The production benefits follow from this unification. One architecture is easier to scale, cache, batch, serve, and adapt than a collection of task-specific modeling setups.
What encoders still do
This story is specifically about general-purpose generative LLMs. It is not a story about encoders becoming useless. Encoders did not disappear; they specialized.
Encoders are still the right tool when:
- The output is structured per-token (named entity recognition, sequence labeling, span extraction).
- The output is a fixed-length representation of the whole input (sentence embeddings, classification, retrieval).
- The latency budget rules out autoregressive generation.
- The downstream task has small training data and benefits from the strong inductive bias of bidirectional MLM pretraining.
DeBERTa-v3 is in many ways the high-water mark of encoder pretraining, and it’s still the model I reach for on small-data IE tasks. The disentangled attention from DeBERTa, the RTD objective from ELECTRA, and DeBERTa-v3’s gradient-disentangled embedding sharing combine into a hard-to-beat package below 1B parameters.
The mistake is to turn “decoder-only won general-purpose generation” into “encoders are obsolete.” It doesn’t.
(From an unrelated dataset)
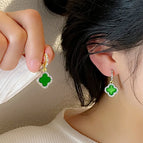 Green four-leaf clover earrings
For the IE-shaped tasks they were always good at, they’re still ahead of decoder-only models on a Pareto frontier of accuracy and inference cost.
Code companion: where this shows up in TNLP
The TNLP repo at https://github.com/chanys/tnlp contains working examples for the model families discussed in this article and the rest of the foundations series.
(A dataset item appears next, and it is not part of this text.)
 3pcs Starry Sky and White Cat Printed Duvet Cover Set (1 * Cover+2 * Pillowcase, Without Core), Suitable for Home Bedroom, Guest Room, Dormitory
The examples most relevant to this article are:
- Token classification / NER: DeBERTa-v3 base with a token classification head on CoNLL-2003. This is the classic encoder use case: one contextual representation per token, one label per token.
- Span-pair classification / relation extraction: DeBERTa-v3 with custom span-pair pooling on NYT-H. This shows why encoders remain useful for information extraction: they produce cheap, dense representations over the whole sentence.
- Contrastive modeling / retrieval: E5 and DeBERTa-based triplet-loss models on BioASQ11. This connects directly to the next article: encoders did not disappear; they became embedding and retrieval models.
The same repo also includes examples from the other branches of the pretraining story:
- FLAN-T5 seq2seq examples, representing the encoder-decoder path.
- LLaMA-2 and Mistral instruction/chat tuning, representing the decoder-only path after CLM pretraining.
- DPO examples, representing the alignment stage that comes after supervised instruction tuning.
I will return to these examples in later articles. For this piece, the main point is narrower: the old pretraining families did not vanish. They separated into different roles. Decoder-only became the default for general-purpose generation, while encoders remained highly useful for embeddings, retrieval, classification, and information extraction.